The Hidden Frictions Most First‑Timers Miss

  1. IPO timelines slip. A hot market can cool; companies stay private longer. Your money sits.
  2. Lock‑ups are real. If the stock dips during your lock‑up, you cannot exit.
  3. SPV fees persist. Some SPVs carry annual admin/carry; read the terms.
  4. Transfers can fall through. ROFR can block a secondary sale; if the company (or investor) exercises ROFR, your order may be canceled/refunded.
  5. Taxes vary by jurisdiction. Your country’s rules on private share/SPV units and capital gains can be quirky. Get local tax advice.

Risk Management: Sarah’s Rules (Steal These)

  • Position sizing: Start with the minimum; scale only after you’ve lived one full cycle (commit → close → IPO → lock‑up expiry).
  • Diversify vintages: If you do more than one deal, stagger across different companies and quarters so your outcomes aren’t all tied to one IPO window.
  • Have a sell plan: Decide in advance how you’ll treat first day liquidity, lock‑up expiry, and trailing stops if volatility is high.
  • Document hygiene: Keep PDFs of all agreements, K‑1s (if applicable), funding receipts, and platform statements.

Mini‑Playbook: Exactly How to Buy Pre‑IPO Stock (Checklist)

  1. Open accounts on EquityZen and Forge Global (no obligation to invest).
  2. Complete KYC/AML + accreditation review.
  3. Shortlist companies you actually understand (payments, dev‑tools, AI infra, etc.).
  4. Read the deal memo + SPV docs. Verify minimums, fees, lock‑up, ROFR risk, and expected closing date.
  5. Cross‑check comps (public peers’ revenue multiples) to sanity‑check the private price.
  6. Commit a small ticket (e.g., $10k) and wire to escrow.
  7. Track closing (watch for ROFR windows, cap‑table confirmations).
  8. After close, wait. Don’t count money you can’t sell.
  9. At IPO/lock‑up, execute your plan (partial sell to de‑risk; hold a core if thesis remains).

Lessons Learned (from Sarah’s Stripe Deal)

  1. Access matters, but process wins. Lots of people can open accounts; fewer actually read the legal docs and valuation context. That’s your edge.
  2. Late‑stage ≠ risk‑free. Great brands can still list into a weak tape. Model bear cases.
  3. Fees are part of price. Always compute all‑in cost (ticket + fees + FX + potential SPV carry).
  4. Liquidity is lumpy. Even after the bell rings, you may not be able to sell for months.
  5. One deal won’t change your life. Treat pre‑IPO as a satellite sleeve around a solid public‑market core.
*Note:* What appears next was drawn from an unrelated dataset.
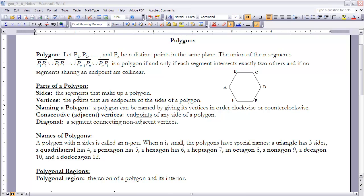Sides are the segments that make up a polygon — AB, BC, CD, etc. The vertices are the points that are the endpoints of the sides. So A, B, C, D, E, and F are the vertices of this polygon.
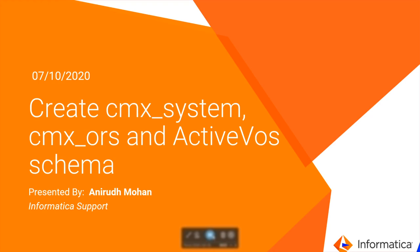Hello, this is Anirudh Mohan from Informatica Global Customer Support Team. Today's topic is going to be about creating CMX system, CMX ORS, and ActiveVos schema.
Conclusion: The New Reality of Pre‑IPO Access

A decade ago, only funds and insiders knew how to buy pre‑IPO stock. Today, regulated secondary marketplaces and SPV infrastructure have opened a door — not a floodgate — for disciplined individuals. If you approach it like Sarah did (small ticket, serious diligence, clear exit plan), you can capture private‑to‑public value without betting the house. It won’t be instant, it won’t be linear, and it won’t be risk‑free — but it can be a smart, asymmetrical slice of a modern portfolio.